STRENGTHEN THE SYSTEM
In the meantime, the central bank can also push to strengthen OTP systems.

“Enhancing the security features of OTPs — for instance, by including more transaction details in the messages — can be a useful interim measure,” Mr. Ligot said.

“It could help in ensuring that even if an OTP is intercepted, the lack of contextual data would make it harder to misuse.”

Under the draft rules, the BSP also called for OTP messages to be more personalized and contain sufficient transaction details to allow the customers to accurately identify or verify the transaction.

Analysts said institutions must also put the effort to educate the public on how to be more vigilant against these cyberattacks.

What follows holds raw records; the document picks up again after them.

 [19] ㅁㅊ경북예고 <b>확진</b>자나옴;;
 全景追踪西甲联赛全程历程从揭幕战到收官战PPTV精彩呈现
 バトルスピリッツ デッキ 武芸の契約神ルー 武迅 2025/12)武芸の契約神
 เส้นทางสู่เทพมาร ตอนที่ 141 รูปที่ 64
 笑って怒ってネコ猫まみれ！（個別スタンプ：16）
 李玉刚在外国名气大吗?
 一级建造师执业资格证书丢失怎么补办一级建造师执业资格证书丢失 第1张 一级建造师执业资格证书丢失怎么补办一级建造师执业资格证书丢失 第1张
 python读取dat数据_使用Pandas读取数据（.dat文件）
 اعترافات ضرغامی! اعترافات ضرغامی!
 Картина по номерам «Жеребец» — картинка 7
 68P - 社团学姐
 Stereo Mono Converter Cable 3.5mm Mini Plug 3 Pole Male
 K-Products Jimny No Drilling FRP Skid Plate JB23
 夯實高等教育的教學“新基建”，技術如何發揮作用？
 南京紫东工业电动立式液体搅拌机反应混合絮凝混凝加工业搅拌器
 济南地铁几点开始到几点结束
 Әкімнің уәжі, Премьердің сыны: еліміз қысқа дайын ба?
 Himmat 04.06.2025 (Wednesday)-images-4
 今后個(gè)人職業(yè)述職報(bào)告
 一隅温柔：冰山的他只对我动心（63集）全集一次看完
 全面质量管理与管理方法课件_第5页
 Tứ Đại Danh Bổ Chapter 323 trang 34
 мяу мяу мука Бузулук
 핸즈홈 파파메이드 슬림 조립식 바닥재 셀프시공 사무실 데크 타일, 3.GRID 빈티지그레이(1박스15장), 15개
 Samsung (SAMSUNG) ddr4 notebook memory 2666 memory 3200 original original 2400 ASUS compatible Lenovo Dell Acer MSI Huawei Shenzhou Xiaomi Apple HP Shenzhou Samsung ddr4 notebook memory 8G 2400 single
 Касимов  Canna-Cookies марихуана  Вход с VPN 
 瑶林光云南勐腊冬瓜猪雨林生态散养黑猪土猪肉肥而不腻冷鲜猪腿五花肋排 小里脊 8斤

“Ultimately, educating users on the proper management of their digital credentials and the handling of authentication messages is crucial. Awareness and vigilance can significantly mitigate the risks associated with OTPs and other forms of digital authentication,” Mr. Ligot said.

Mr. Villanueva said organizations must adopt “a proactive approach to stay ahead of cybercriminals.”

“This includes continuous monitoring, regular security audits, and fostering a culture of cybersecurity awareness among users,” Mr. Villanueva said.

“By phasing out outdated authentication methods and embracing modern, resilient technologies, we can significantly mitigate the risks posed by social engineering and other evolving threats.”